I spent time yesterday with some of the Network Rail National Level Crossing Team as they hosted an ‘away day’ with their newly appointed Route Level Crossing Managers (RLCMs). There were 8 of the 10 routes represented there.
All of these are experienced Network Rail operational people, in fact Darren Furness from the National Team said that there was 91 years of level crossing experience in the room!
I had been asked to speak and, of course, tailored my talk to the audience, focussing this time on the real risk at level crossings and giving more emphasis than usual to the memo that been sent by the equivalent of a Level Crossing Manager of the day to the Route Production Manager. That memo, written a couple of years before, was not acted upon at the time but if it had, and the risk at Elsenham realised, then Olivia and Charlie would not be dead. Just installing a ticket machine on the other platform, a practical risk reduction solution which the writer suggested, would have avoided them having to cross the tracks in the first place. I asked these new Route Level Crossing Managers not to ignore the feedback they get from their teams and to help them to understand that risk management is not just about the dry quantitative stuff that comes out of their risk modelling software, but about real people – some of who will be disabled, deaf, old and slow, children – or worse – groups of children, people distracted by their phone or music player, or just plain tired.

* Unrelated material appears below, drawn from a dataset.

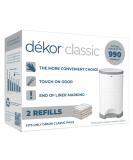 Dekor Classic Diaper Pail Refills | 2 Count | Most Economical Refill System | Quick & Easy to Replace | No Preset Bag Size  Use Only What You Need | Exclusive End-of-Liner Marking | Baby Powder Scent - Buy Online on SooperMarket.com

Unless all level crossings are closed, which is not going to happen, there will always be accidents because people do and always will make mistakes. But what I want for these route-based level crossing management teams when they hear of an accident on their route, is to know with confidence that the risks had been properly assessed they that they had organised the correct level of protection there. I want there to be transparency – I don’t want to hear of them defending their lack of action on a risk score equating to 1 fatality in 44,000 years! I want them to really appreciate the responsibility that their roles carry and to go home at night knowing that they are doing the best possible job. A job that can really make a difference to the safety of the public.
The judge’s comments at the end of the Elsenham court case summed up Network Rail’s failures as systemic, rather than operational. I want to feel confident that the changes that National Level Crossing Team are driving through, with the Chief Executive’s support, are being acted upon at route level, and that behaviours will really begin to change.
One of the people introduced himself as a colleague of the assessor who completed the inaccurate (very low scored) risk assessment at Elsenham. I am told she was badly affected by the deaths of Olivia and Charlie and as a mother herself am sure she understands the devastating impact that the loss of our daughters has had on me and Charlie’s mother, in particular. This lady no longer works in risk management but she understands the huge responsibility that the role holds. I don’t blame her or hold her responsible for what happened. She was new to the job and probably hadn’t been trained properly, a result of the systemic failings. Her manager signed off her work, but it was clearly more of a tick box exercise to say that the assessments had been done than a real review of the risks, or a check of the work undertaken by a new assessor. That was over seven years ago.
What concerns me more is the RAIB report into the accident at Kings Mill just last May. This indicates that the lessons from Elsenham are still not being learned and shoddy attitudes to risk still exist on the ground. That has got to change.
The writer of the Elsenham memo, which described in such chillingly accurate detail the accident that would occur, has since retired. But the person who received the memo is now a Route Managing Director! I can only hope that their conscience was pricked sufficiently when the ORR investigators turned up to ask why it had not been acted upon, and that has brought about a change in behaviour that will now be driven down through the route organisations as these teams are finally put in place.